On that trip, I went literally home, back to the source, to THE home, the physical home where I grew up; the home, serendipitously enough, that one of my very bestest friends in the 3rd, 4th, 5th grades had just purchased… with her husband…. and baby.

It filled me with joy. Here was the home where she and I had played. She could teach her son that the evergreen tree was hollow inside if you poked in just the right way, that the basement cabinets made an excellent clubhouse, that the spot to the left of the staircase was perfect for spying on whoever was below.

V had been there when my dad passed the rule “no more dr. scholls.” Too many girls were getting the think wooden heels of those monstrosities stuck on our thin deck and being catapulted into the backyard! She was there for birthday parties, scavenger hunts, t ball games and trips to ground round for sundaes in baseball caps.

I couldn’t wait to see it.

But I also was afraid. This was the home where my father, and my memories of him, lived.
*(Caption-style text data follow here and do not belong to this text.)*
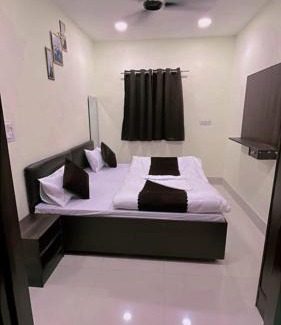 Agra Casa | Tridev Hotel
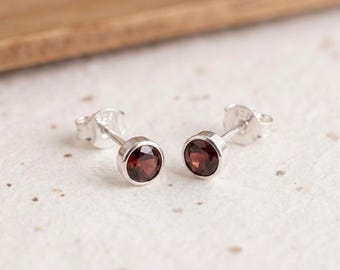 January Garnet Birthstone Stud Earrings in Sterling Silver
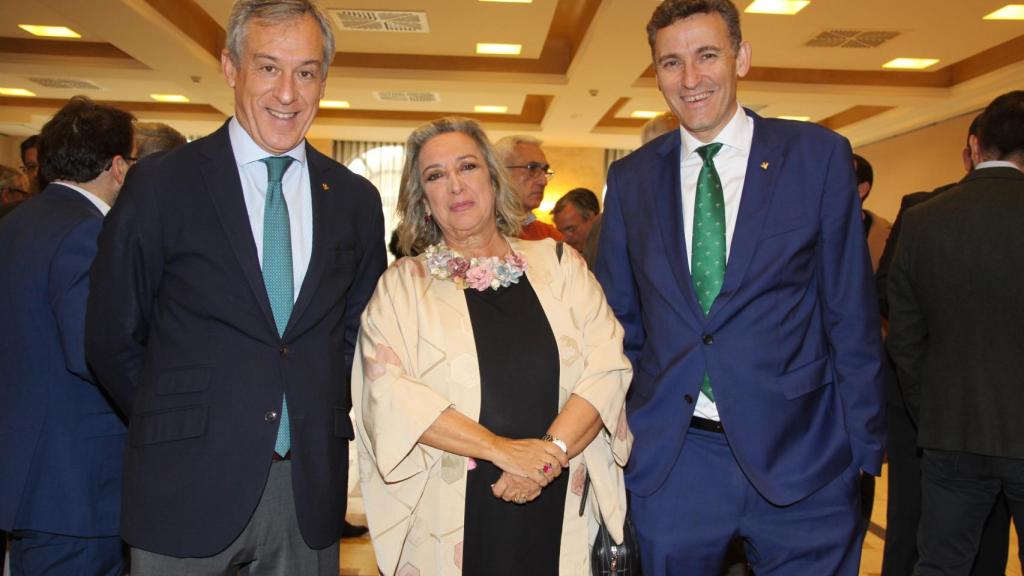 Esther Esteban junto al presidente y al director general de Eurocaja Rural.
And it was the home where he died, making the brightest and shiniest of those memories hard to see and feel, even though they were there somewhere still. I didn’t think I would get to see this house again and I was so grateful to V for buying it, and more, for breathing life into it through her young family, particularly her little boy.

I worried that seeing the house, how small it probably really was in comparison to the largess of my imagination, would make the grandness of my memories shrink too. I worried that it would turn a vacation into a mourning period, for lost childhoods, my lost father. I worried that all the work I’ve done to finally, finally, slowly, achingly push past the grief and that little girl me, would be flooded over, drowned with the resurgence of emotion.

But it didn’t happen. V bounded down the stairs, nervous that she hadn’t cleaned up enough for me. She took us on a tour. Some things looked smaller, some closer or further; some had actually changed. Her husband and son came home, friendly and inviting and welcoming. Her son handed me some baseball cards, telling me who was who, then sat at his table in his dining room for peanut butter and jelly. It warmed my heart.

And I was flooded all right. With love, with hope, with heart. With home.

Look for more on “home” all this month

9 Comments

  1. Nancy said,

    Wrote on June 16, 2008 @ 4:50 pm

    I haven’t been back to my childhood home, though I drive by whenever I’m in the area (near one of your old haunts, I think: central NY). Sometimes I feel like there is still a piece of me left behind in that house, although it’s certainly different inside by now.

  2. soupisnotafingerfood said,

    Wrote on June 16, 2008 @ 9:32 pm

    I have been by the house I grew up in a bunch of times since we vacated in 1985, but have yet to knock on the door and walk around. I do see it in my dreams, though, every once in a while, and that’s actually enough for me. For now.

  3. Mom said,

    Wrote on June 17, 2008 @ 4:01 pm

    Nice essay! Did you share with V>? I liked it a lot.

  4. Maggie, dammit said,

    Wrote on June 18, 2008 @ 5:46 pm

    I still dream of my childhood home at least once a week.

  5. germaine said,

    Wrote on June 18, 2008 @ 6:16 pm

    🙂 so sweet… I lost my mom four years ago, so I know what you meant…

    btw… you abandonded plurk club… 😉

  6. washwords said,

    Wrote on June 19, 2008 @ 9:48 am

    @ everybody: It’s touching to know so many still think of home like I do and I’m sorry to hear so many also have bittersweet and hard or grieving memories.

    @ germaine: you’re right! I HAVE abandoned plurk club…. or HAVE I? perhaps I am there incognito to see if you are remembering the rules of plurk club! (i’m not, so are you? I’ll try to come back!)